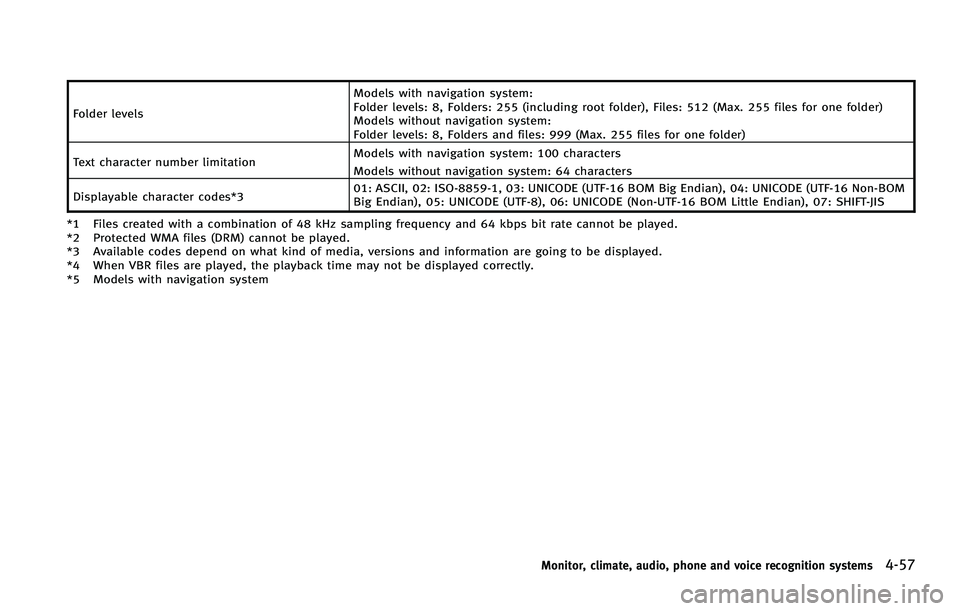 INFINITI FX 2011  Owners Manual 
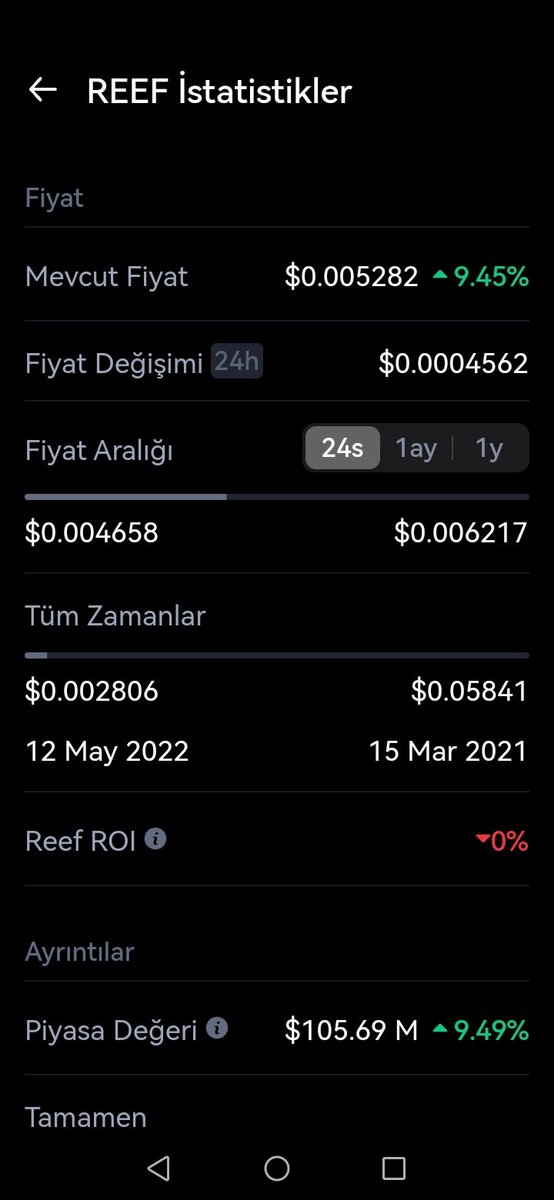 recepcakici35's tweet image. #REEF son 24 saat istatistikleri..🔥🔥🔥
#ReefTime #Reefchain #REEFUSDT #reefcoin #ReefCard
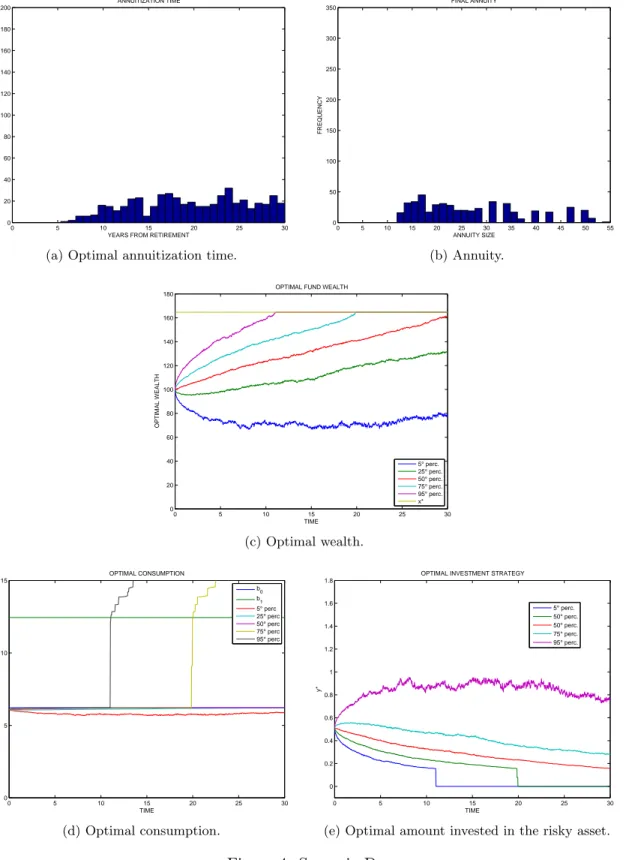 Figure 4: Scenario D.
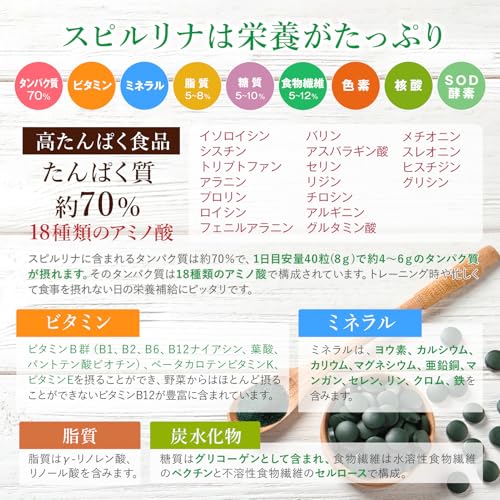 スピルリナ普及会 スピルリナ spirulina サプリメント スピルリナ100% 2400粒 約2ヵ月分 国内製造 無添加 粒タイプ スーパーフード tảo xanh tảo xoắnの特徴・詳細 画像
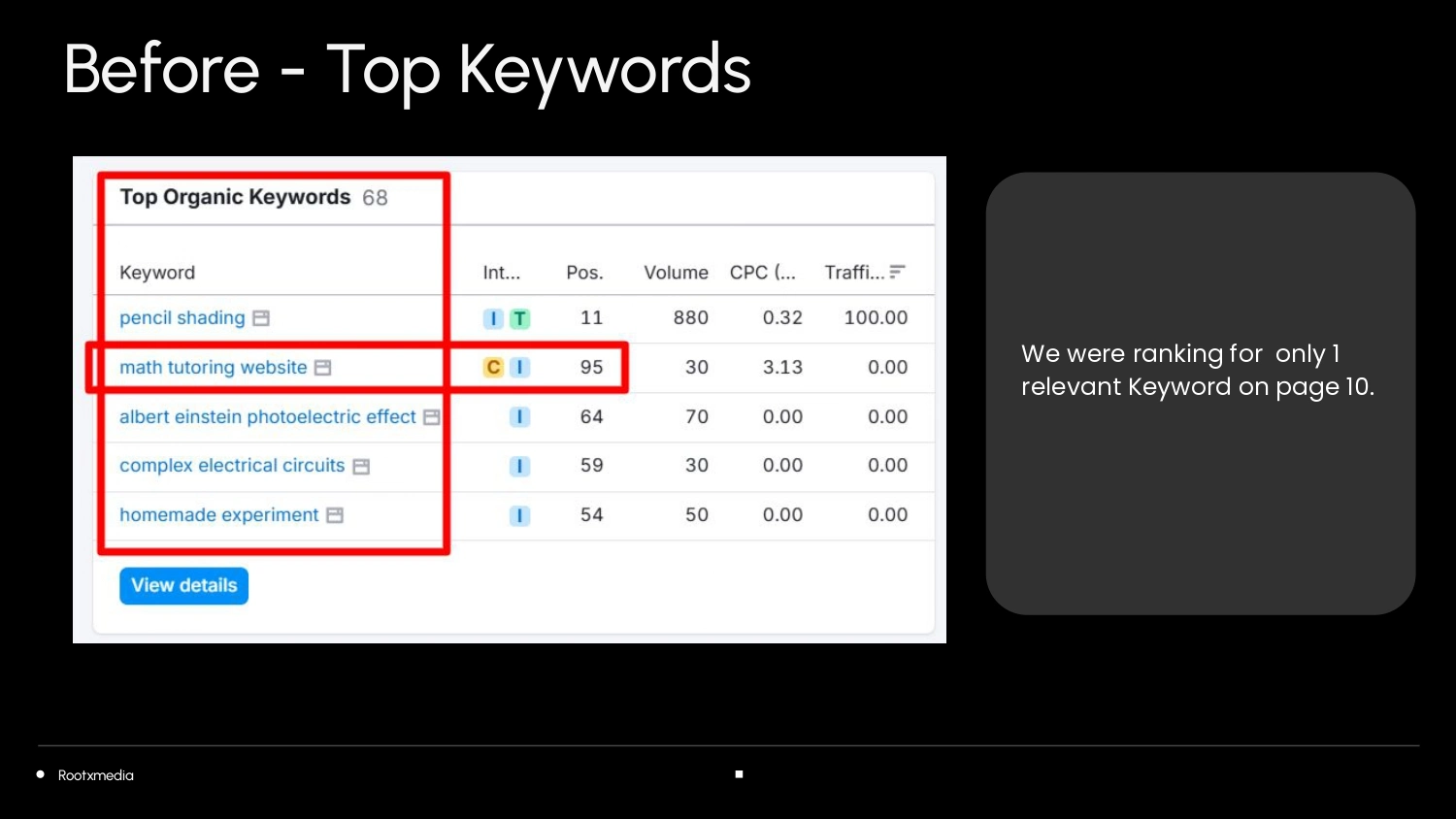 Tuitioned before seo top keywords slides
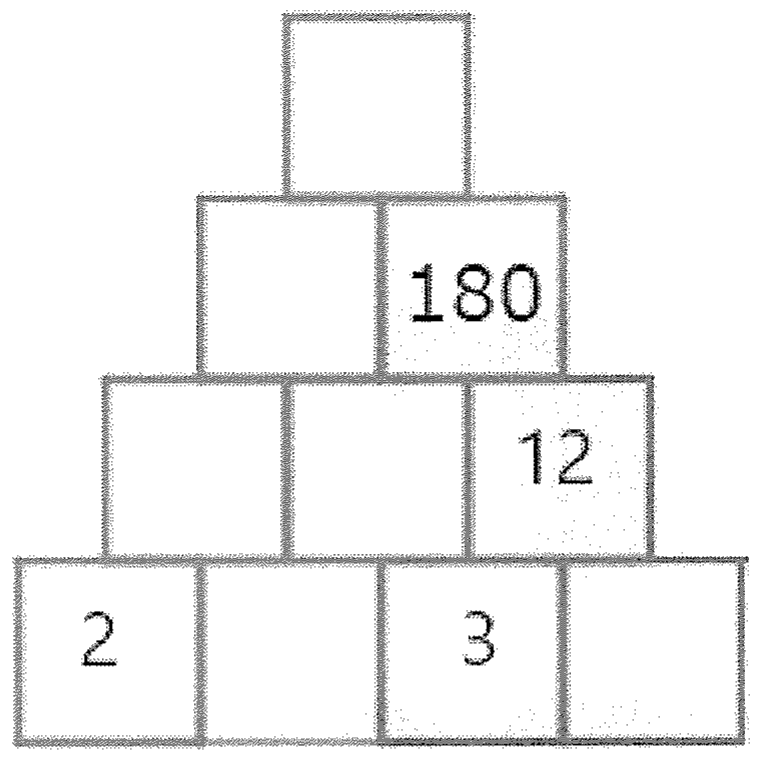 Pirâmide de quadradinhos com 4 linhas. Base, da esquerda para a direita: 2, vazio, 3, vazio. Segunda linha: vazio, vazio, 12. Terceira linha: vazio, 180. Topo: vazio.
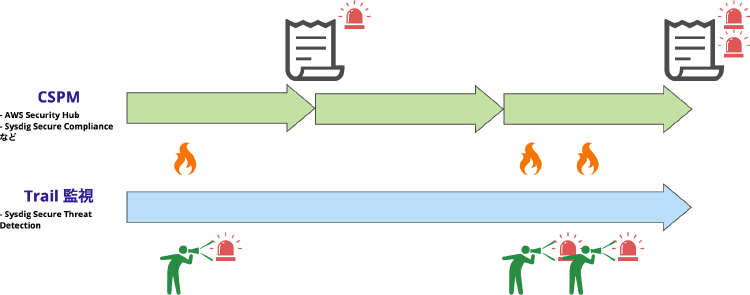 CSPMとTrail 監視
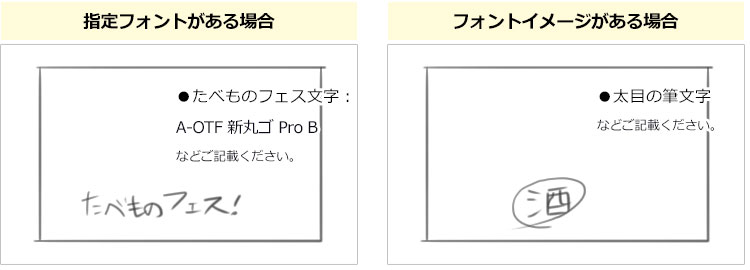 フォント指定イメージ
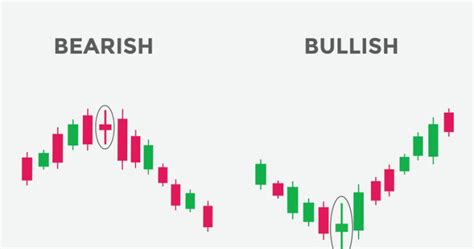 What is Spinning Top Candlestick in trading?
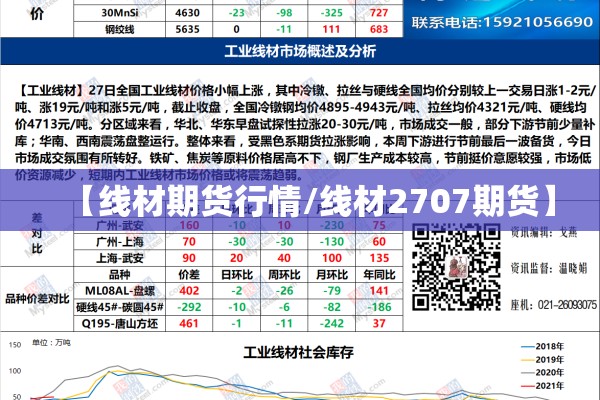 【线材期货行情/线材2707期货】 【线材期货行情/线材2707期货】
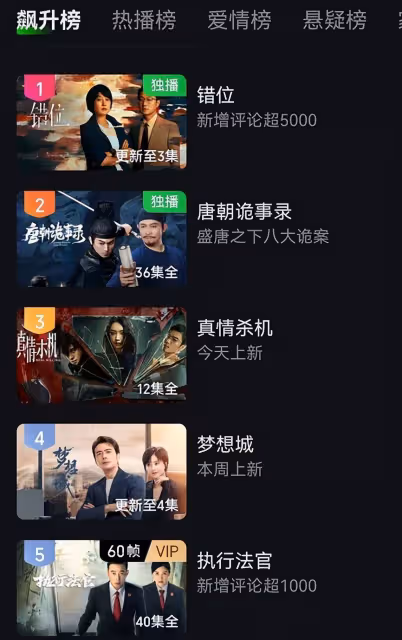 反轉再反轉!3集就繞得我腦瓜疼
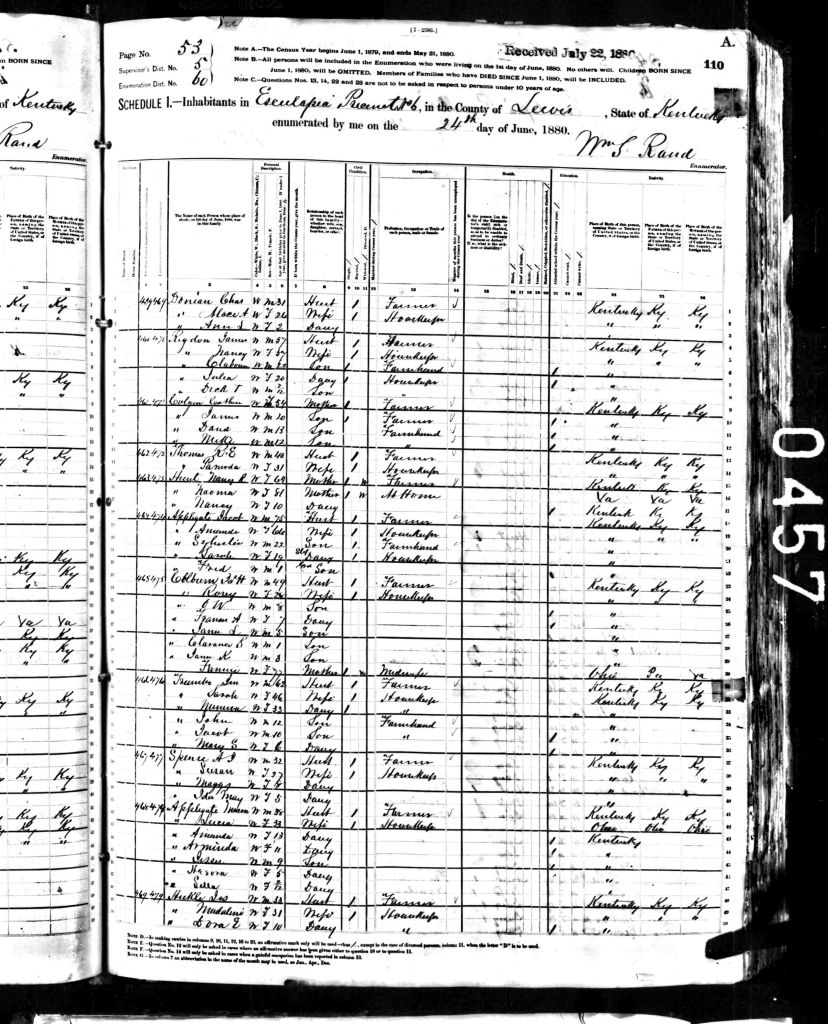 census image
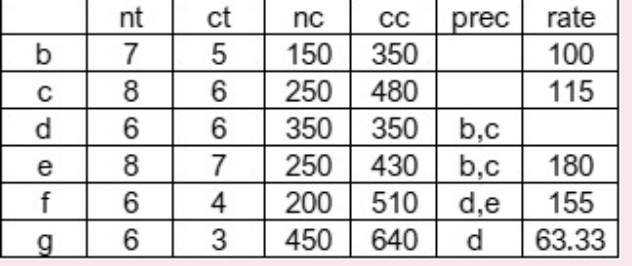  Please enter the information below. Do not include commas in your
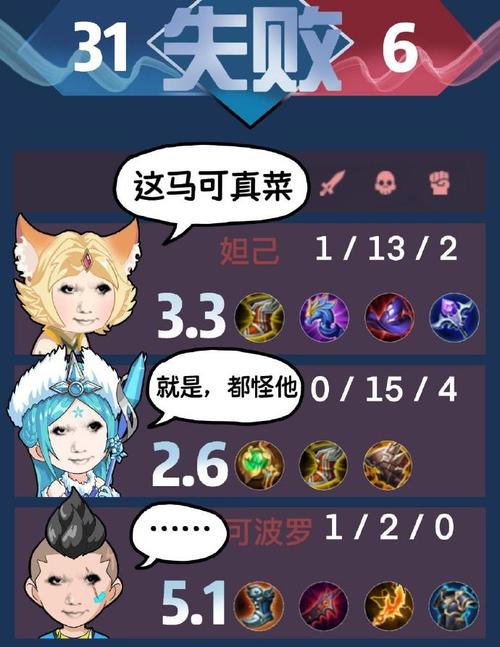 “王者荣耀助手开黑教程”了解游戏快人一步 “王者荣耀助手开黑教程”了解游戏快人一步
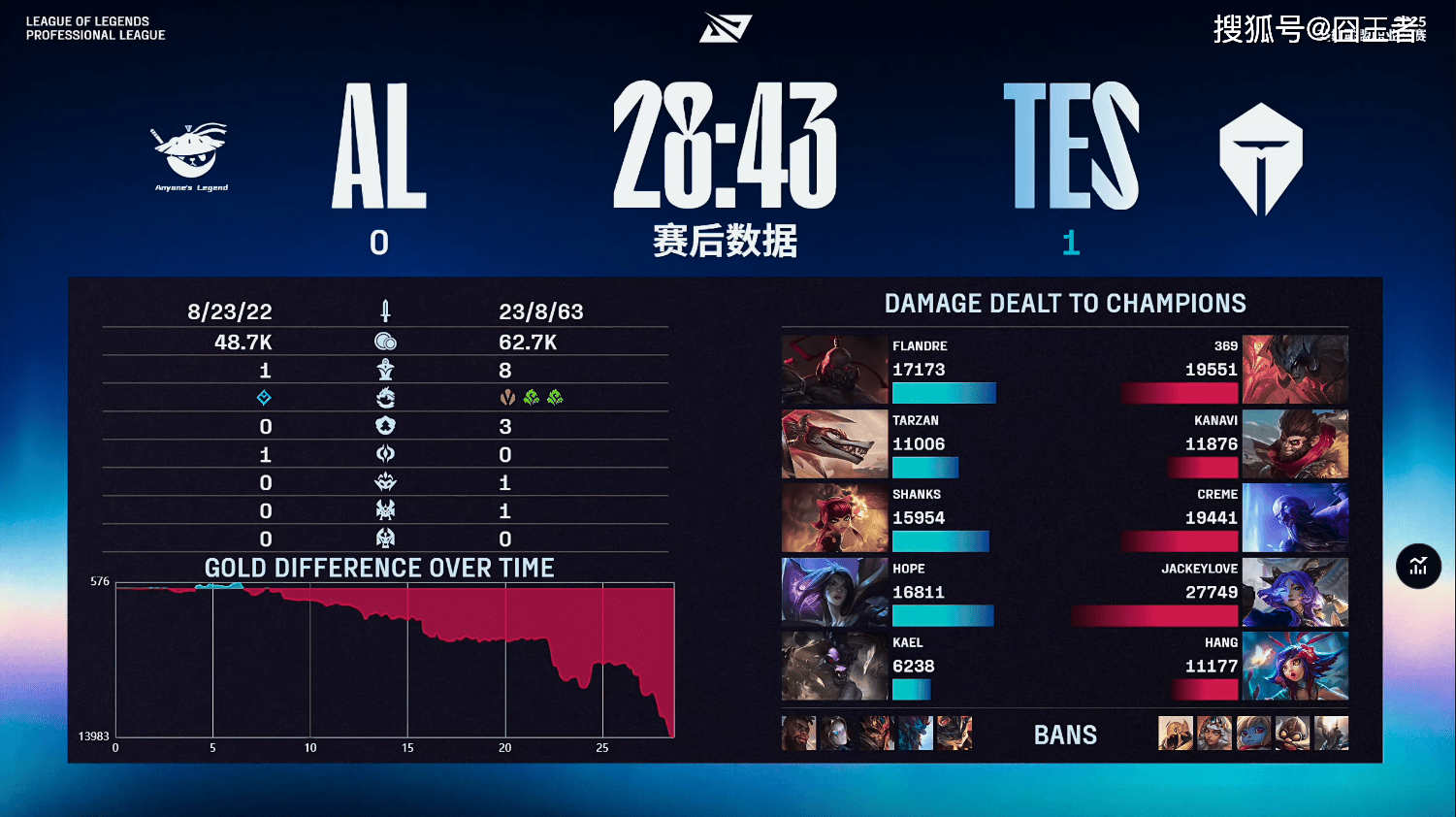 LPL季后赛：突然死亡，AL命运待定！TES四局战胜AL，将再战BLG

☆ ☆ ☆

■ **Required work**:
Repeat, exactly and in full, each line from the start of the data to the line that contains "Please enter the". Pictures do not go in.

■ **Task response**:
 INFINITI FX 2011  Owners Manual 
 recepcakici35's tweet image. #REEF son 24 saat istatistikleri..🔥🔥🔥
#ReefTime #Reefchain #REEFUSDT #reefcoin #ReefCard
 Figure 4: Scenario D.
 スピルリナ普及会 スピルリナ spirulina サプリメント スピルリナ100% 2400粒 約2ヵ月分 国内製造 無添加 粒タイプ スーパーフード tảo xanh tảo xoắnの特徴・詳細 画像
 Tuitioned before seo top keywords slides
 Pirâmide de quadradinhos com 4 linhas. Base, da esquerda para a direita: 2, vazio, 3, vazio. Segunda linha: vazio, vazio, 12. Terceira linha: vazio, 180. Topo: vazio.
 CSPMとTrail 監視
 フォント指定イメージ
 What is Spinning Top Candlestick in trading?
 【线材期货行情/线材2707期货】 【线材期货行情/线材2707期货】
 反轉再反轉!3集就繞得我腦瓜疼
 census image
  Please enter the information below. Do not include commas in your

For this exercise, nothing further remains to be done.